Le premier défaut qui me frappa dans l’ouvrage, moi homme de théâtre, c’est que, la pièce commençant au second tableau, aucun des personnages n’était connu, aucun des caractères ne se trouvait exposé ; de sorte que, tout en lisant ce tableau, c’est-à-dire celui de la tour, le tableau de la taverne commença de m’apparaître comme dans un nuage.

Je ne m’y arrêtai point : ce n’était pas le moment. Je commençai le second ; mais je proteste que je n’allai pas plus loin que la huitième ou dixième page.

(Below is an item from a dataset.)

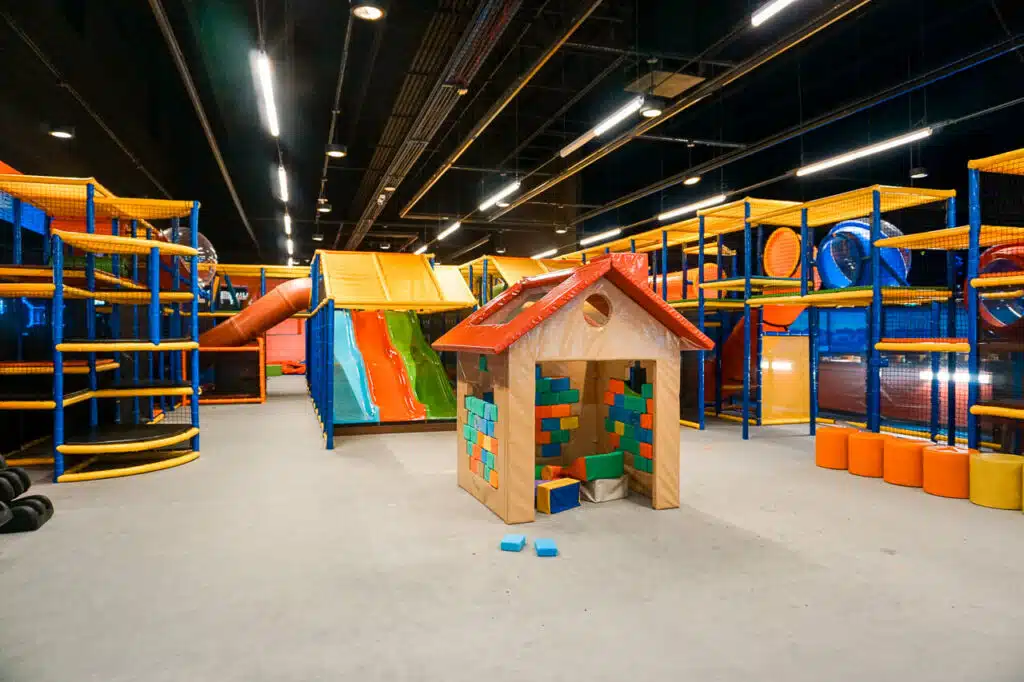 A yellow and blue indoor playground in Dallas at Round1.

Le drame déviait complètement de la route qu’à mon avis il devait suivre.

Ce qui ressortit pour moi comme l’essence du drame, ce fut la lutte entre Buridan et Marguerite de Bourgogne, entre un aventurier et une reine, l’un armé de toutes les ressources de son génie, l’autre de toutes les puissances de son rang.

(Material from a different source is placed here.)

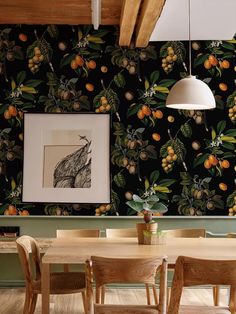 a dining room with a table and chairs next to a wall covered in fruit print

Il allait sans dire que le génie devait naturellement triompher de la puissance.

Ensuite, j’avais depuis longtemps en tête une idée qui me semblait des plus dramatiques ; je voulais arriver à mettre cette situation sous les yeux du public :

Un homme arrêté, condamné, couché, sans ressource et sans espérance, au fond d’un cachot ; un homme qui sera perdu si son ennemi a le courage de ne pas venir jouir de son abaissement, et de le faire empoisonner, étrangler ou poignarder dans son coin, cet homme sera sauvé si cet ennemi cède au désir de venir l’insulter une dernière fois ; car, avec la parole, seule arme qui lui reste, il l’épouvantera à ce point que son ennemi déliera peu à peu les chaînes de ses bras et le carcan de son cou, lui ouvrira la porte qu’avec tant de soin il avait fait fermer sur lui, et l’emmènera en triomphe, lui qui, s’il sortait jamais de ce sépulcre anticipé, semblait n’en devoir sortir que pour monter sur l’échafaud.

La lutte entre Marguerite de Bourgogne et Buridan me donnait cette situation. Je ne la laissai point échapper, comme on le comprend bien. C’est ce qu’on appela depuis la scène de la prison.